Spion Kop 1906, która organizuje banery i flagi na the Kop, zdecydowała się podjąć działania, aby zwrócić uwagę właścicielom klubu.
- Jesteśmy rozczarowani decyzją klubu dotyczącą cen biletów w sezonie 2024-25 - czytamy w oświadczeniu grupy.
- W odpowiedzi nie będzie żadnych flag na the Kop podczas czwartkowego meczu. W przeciwieństwie do podejścia klubu, zostało to uzgodnione w porozumieniu z innymi grupami kibiców.
- Złożymy hołd 97 ofiarom flagami Hillsborough tylko podczas meczu ligowego w ten weekend (przeciwko Crystal Palace w niedzielę), jak zawsze, ponieważ jest to najbliższy mecz do 15 kwietnia.
- Wciąż istnieje szansa, aby klub przeprowadził pozytywny dialog z Radą Kibiców przed sobotnim spotkaniem. Do tego czasu kibice mają jedno przesłanie: Nie dla podwyżek cen biletów.
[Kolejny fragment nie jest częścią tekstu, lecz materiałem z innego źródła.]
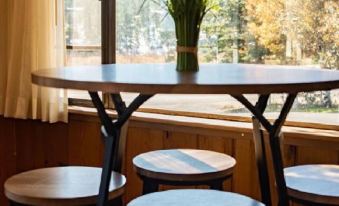 Alpine Trail Ridge Inn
Liverpool zrzucił winę za podwyżkę na fakt, że koszty operacyjne Anfield wzrosły o prawie 40 procent w ciągu ostatnich sześciu lat.
- Dopóki są ludzie na trybunach, wszystko jest w porządku. Zdecydowanie rozumiem obawy i dyskusje - powiedział później w czwartek menedżer Liverpoolu Jurgen Klopp.
- To trudne z mojego punktu widzenia.
- Musimy udostępnić stadion dla wszystkich, a jesteśmy samowystarczalnym klubem. Odkąd tu jestem, każdy zarobiony przez nas funt jest bezpośrednio wydawany na piłkę nożną. Nie jest marnowany. Klub robi wiele dobrych rzeczy dla społeczności.
- Ale rozumiem w 100 procentach podejście kibiców. Jestem pewien, że znajdą rozwiązanie w tej sytuacji. Zacznie się być może od protestu, a potem może dalszych dyskusji.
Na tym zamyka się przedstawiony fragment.